The opinion set forth below is based upon the Internal Revenue Code of 1986, as amended, the Treasury regulations issued thereunder, published administrative interpretations thereof, and judicial decisions with respect thereto, all as of the date hereof (collectively, “Tax Laws”). No assurance can be given that Tax Laws will not change. With respect to all questions of fact on which our opinion is based, we have assumed the initial and continuing truth, accuracy and completeness of: (i) the factual information set forth in the Registration Statement, the Merger Agreement or in any exhibits thereto or any documents incorporated therein by reference; and (ii) representations made to us by officers of the Company or contained in the Registration Statement, the Merger Agreement or in any exhibits thereto or any documents incorporated therein by reference, in each such instance without regard to qualifications such as “to the best knowledge of” or “in the belief of.” We have not independently verified such information.

 

We have relied upon, but not independently verified, the foregoing assumptions.

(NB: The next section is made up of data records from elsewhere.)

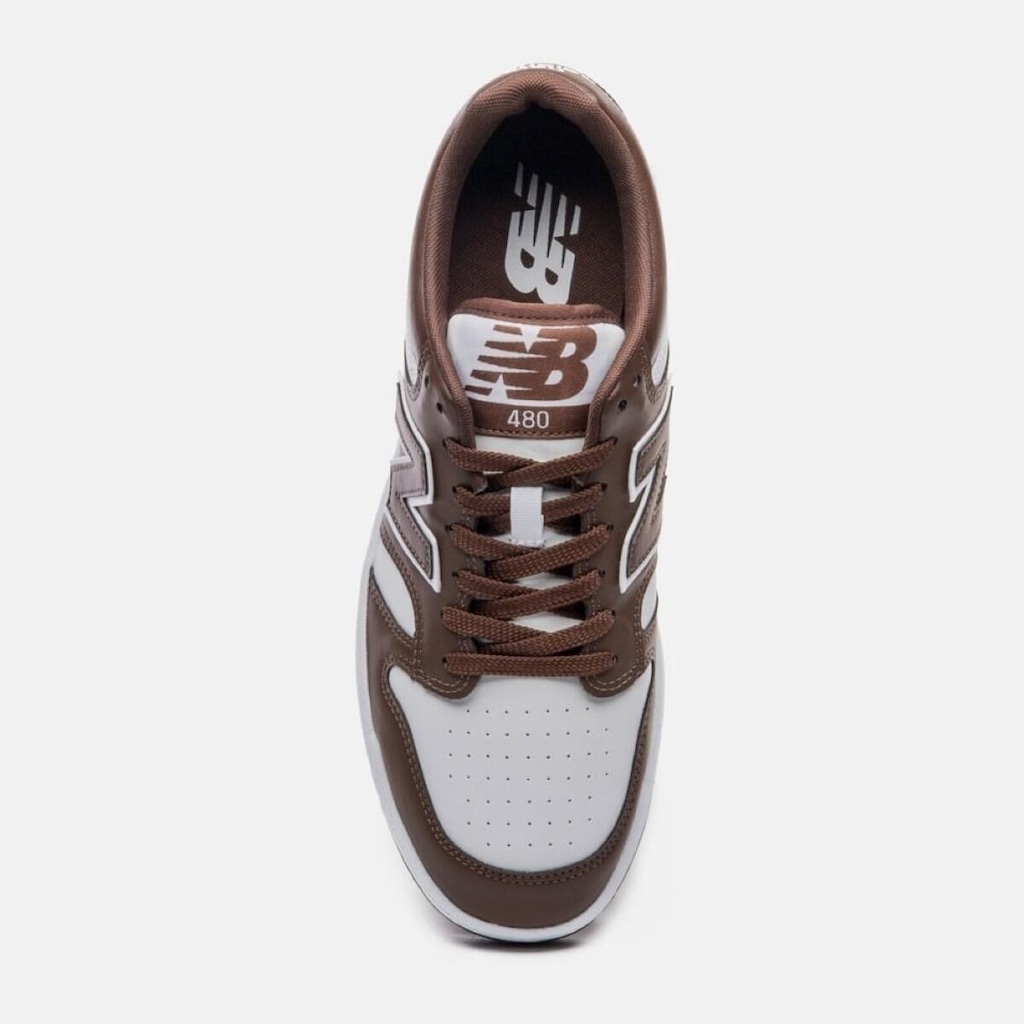 Imagem 3 do produto Tênis Unissex New Balance 480 Low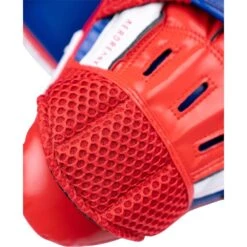 Adidas Hybrid 150 Blue/Red Focus Mitts -Boxing Supplies Shop ADIH150FM LR 3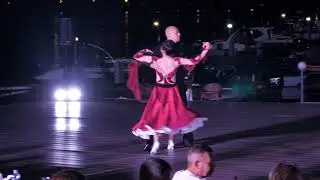 BIG Pro-Am Dance Open Air. Solo Performance. Foxtrot. Дороговцев Сергей-Савчин Оксана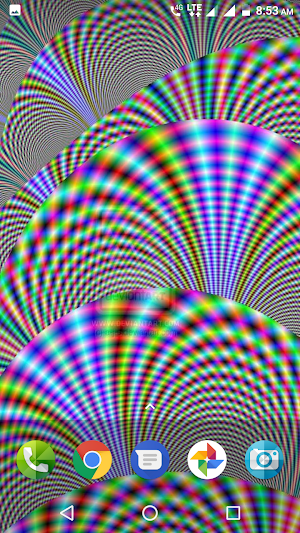 Optical Illusion Wallpaper Screenshot 1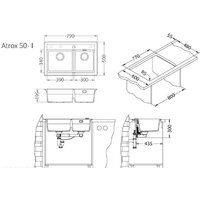 Alveus Granital Atrox 50 1132001 Image #2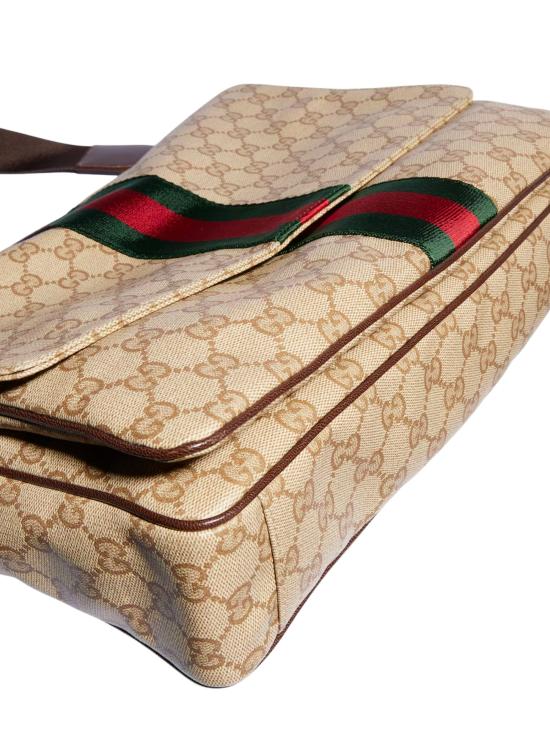 26FW 구찌 WEB GG 캔버스 크로스백 A006JE FAGIJ8569 BEIGE - GUCCI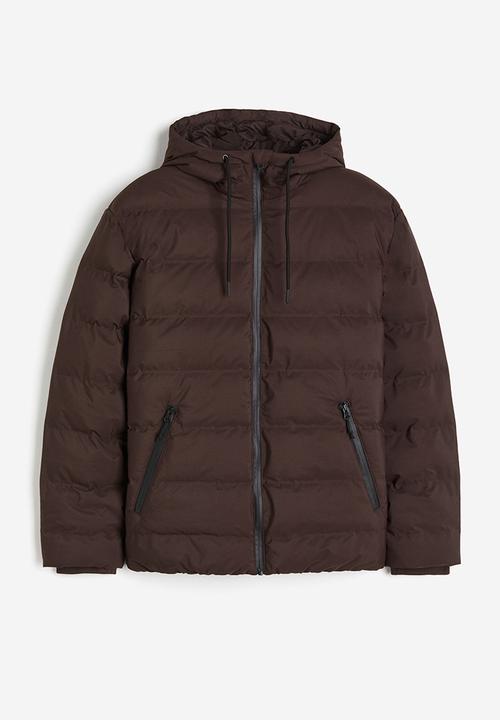 H&M - Water-repellent puffer jacket - brown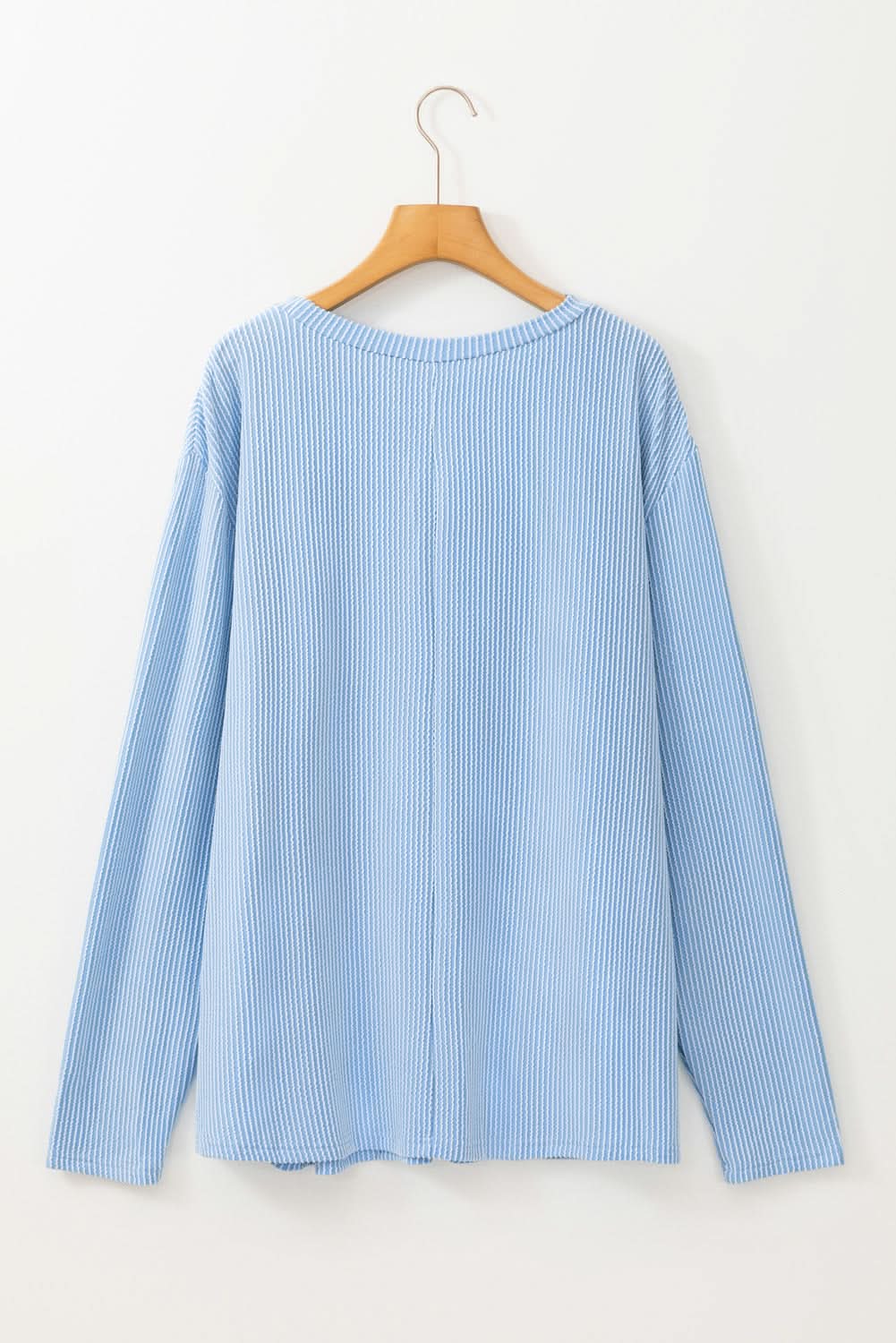 Myosotis plus size textured tee - Love Salve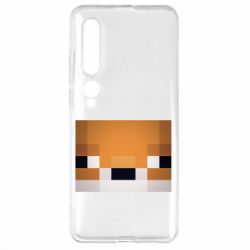 Чехол для Xiaomi Mi10/10 Pro Minecraft Minimalist - PrintSalon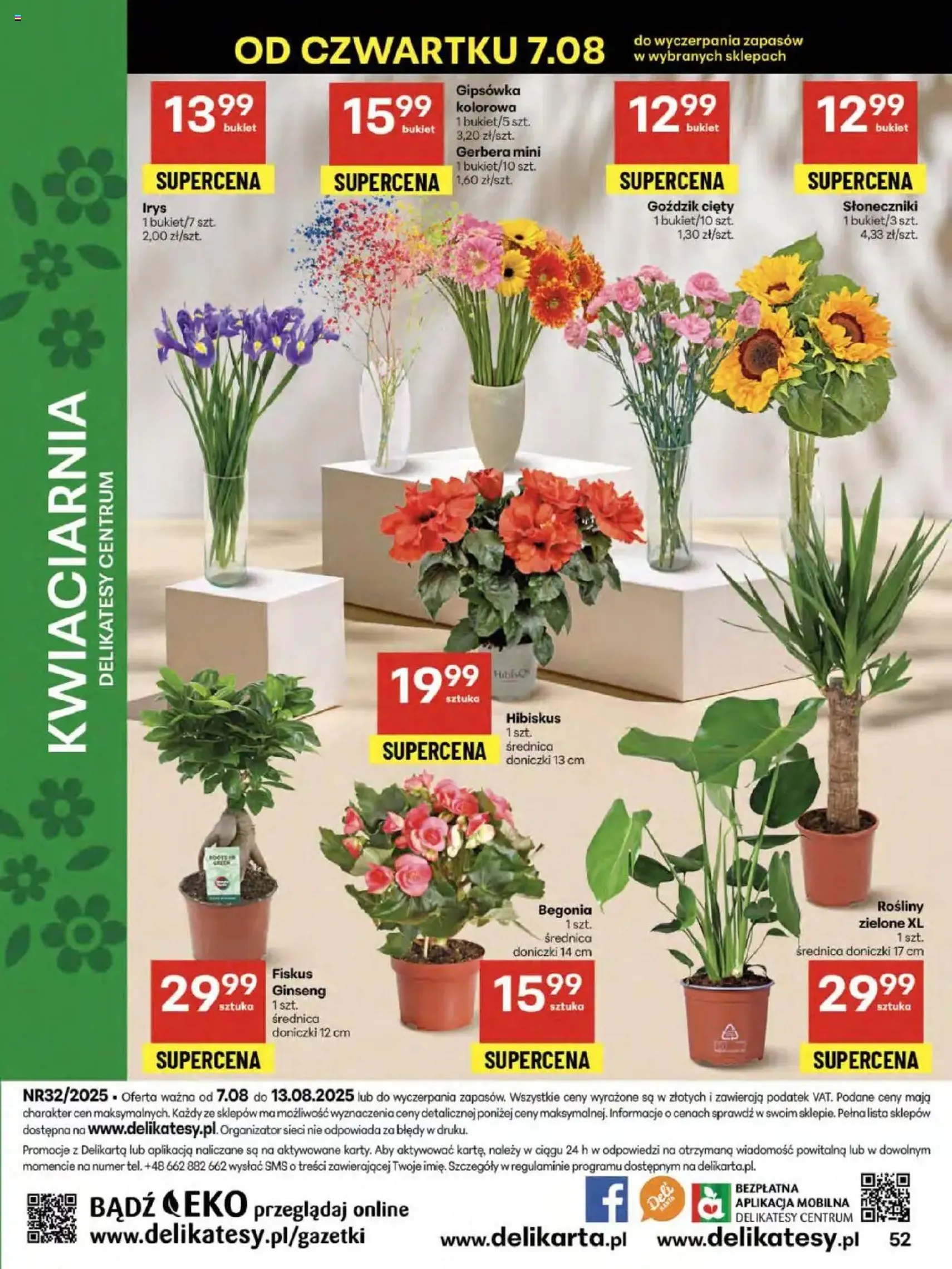 Delikatesy Centrum Gazetka - ważny gazetka od 07.08.2025 strona 52 z 52 Delikatesy Centrum Gazetka - ważny gazetka od 07.08.2025 strona 52 z 52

If any of the foregoing assumptions are inaccurate or incomplete for any reason, or if the transactions described in the Registration Statement, the Merger Agreement or in any exhibits thereto or any documents incorporated therein by reference, have been or are consummated in a manner that is inconsistent with the manner contemplated therein, our opinion as expressed below may be adversely affected and may not be relied upon.

 

Based upon and subject to the foregoing: (i) we are of the opinion that the discussions with respect to Tax Laws matters under the caption “Certain Material U.S. Federal Income Tax Considerations - U.S. Federal Income Taxation of U.S. Holders of Notable Common Stock” in the Registration Statement in all material respects are, subject to the limitations set forth therein, the material Tax Law considerations relevant to holders of the securities of the Company discussed therein (the “Securities”); and (ii) we hereby confirm that the opinions of Wiggin and Dana LLP referred to in said discussion represent our opinions on the subject matters thereto.

 

Our opinion above is limited to the matters specifically covered hereby, and we have not been asked to address, nor have we addressed, any other matters or any other transactions. Further, we disclaim any undertaking to advise you of any subsequent changes of the matters stated, represented or assumed herein or any subsequent changes in Tax Laws.

 

This opinion is rendered to you in connection with the filing of the Registration Statement. Purchasers and holders of the Securities are urged to consult their own tax advisors or counsel, particularly with respect to their particular tax consequences of acquiring, holding, and disposing of the Securities, which may vary for investors in different tax situations. We hereby consent to the filing of a copy of this opinion as an exhibit to the Registration Statement and to the references to our firm in the Registration Statement. In giving such consent, we do not thereby admit that we come within the category of persons

 

 
 

 

____________,2023

Page 3

[FORM OF TAX OPINION]

 

whose consent is required under Section 7 of the Act or under the rules and regulations of the SEC promulgated thereunder.